Chapter 11 ■ the World Wide Web
212
Web Scraping
The number of programmers who start their web programming careers by trying to scrape a web site is probably
much larger than the number who start by writing their own example site. After all, how many beginning
programmers have access to great stacks of data waiting to be displayed on the Web compared to the number who can
easily think of data already on the Web that they would like to copy?
A first piece of advice about web scraping: avoid it, always, if at all possible!
There are often many ways to get data besides raw scraping. Using such data sources is less expensive not only
for you, the programmer, but also for the site itself. The Internet Movie Database will let you download movie data
from http://www.imdb.com/interfaces so that you can run statistics across Hollywood films without forcing the main site
to render hundreds of thousands of extra pages, which then forces you to parse them! Many sites such as Google and
Yahoo provide APIs for their core services that can help you avoid getting back raw HTML.
If Google searches for the data you want but is not turning up any download or API alternatives, there are a few
rules of the road to keep in mind. Search for whether the site you are targeting has a “Terms of Service” page. Also
check for a /robots.txt file that will tell you which URLs are designed for downloading by search engines and which
should be avoided. This can help you avoid getting several copies of the same article but with different ads, while also
helping the site control the load it faces.
Obeying the Terms of Service and robots.txt can also make it less likely that your IP will be blocked for offering
an excessive traffic load.
Scraping a web site will, in the most general case, require everything you have learned in Chapter 9, Chapter 10,
and this chapter about HTTP and the way that it is used by web browsers.
• The GET and POST methods and how a method, path, and headers combine to form an HTTP
request
• The status codes and structure of an HTTP response, including the difference between a
success, a redirect, a temporary failure, and a permanent failure
• Basic HTTP authentication—both how it is demanded by a server response and then provided
in a client request
• Form-based authentication and how it sets cookies that then need to be present in your
subsequent requests for them to be judged authentic
• JavaScript-based authentication, where the login form performs a direct POST back to the web
server without letting the browser itself get involved in submitting the form
• The way that hidden form fields, and even new cookies, can be supplied in HTTP responses as
you are browsing to protect the site from CSRF attacks
• The difference between a query or action that appends data to the URL and performs a GET
for that location versus an action that does a direct POST of data to the server that is carried as
the request body instead
• The contrast between POST URLs designed for form-encoded data arriving from the browser
and URLs designed for direct interaction with front-end JavaScript code and therefore likely to
expect and return data in JSON or another programmer-friendly format
Scraping a complicated site will often require hours of experimentation, tweaking, and long sessions of clicking
around in your browser’s web developer tools to learn what is going on. Three tabs are essential, and all three should
be available in either Firefox or Google Chrome once you have right-clicked a page and selected Inspect Element.
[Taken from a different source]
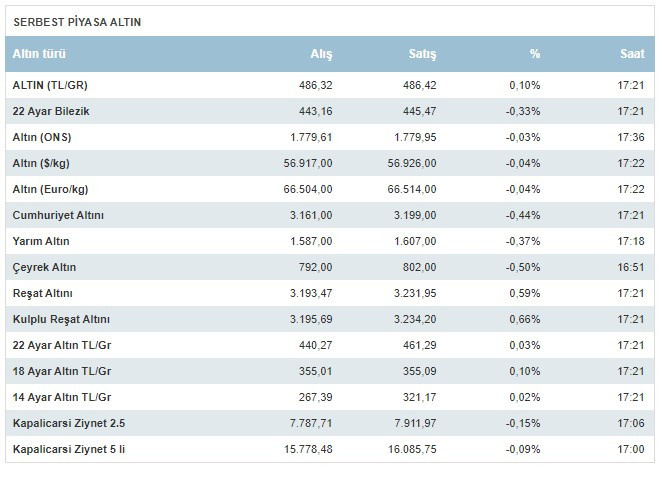Çeyrek ve gram altın fiyatları 20 Ağustos 2021 Cuma günü ne kadar oldu?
The
Elements tab (refer to Figure 11-1) shows you the live document, even if JavaScript has been adding and removing
things so that you can learn which elements live inside of which other ones. The Network tab (refer to Figure 11-2)
lets you hit Reload and see the HTTP request and responses—even those kicked off by JavaScript—that together have
delivered a complete page. And the Console lets you see any errors that the page is encountering, including ones that
might not be signaled to you as a user.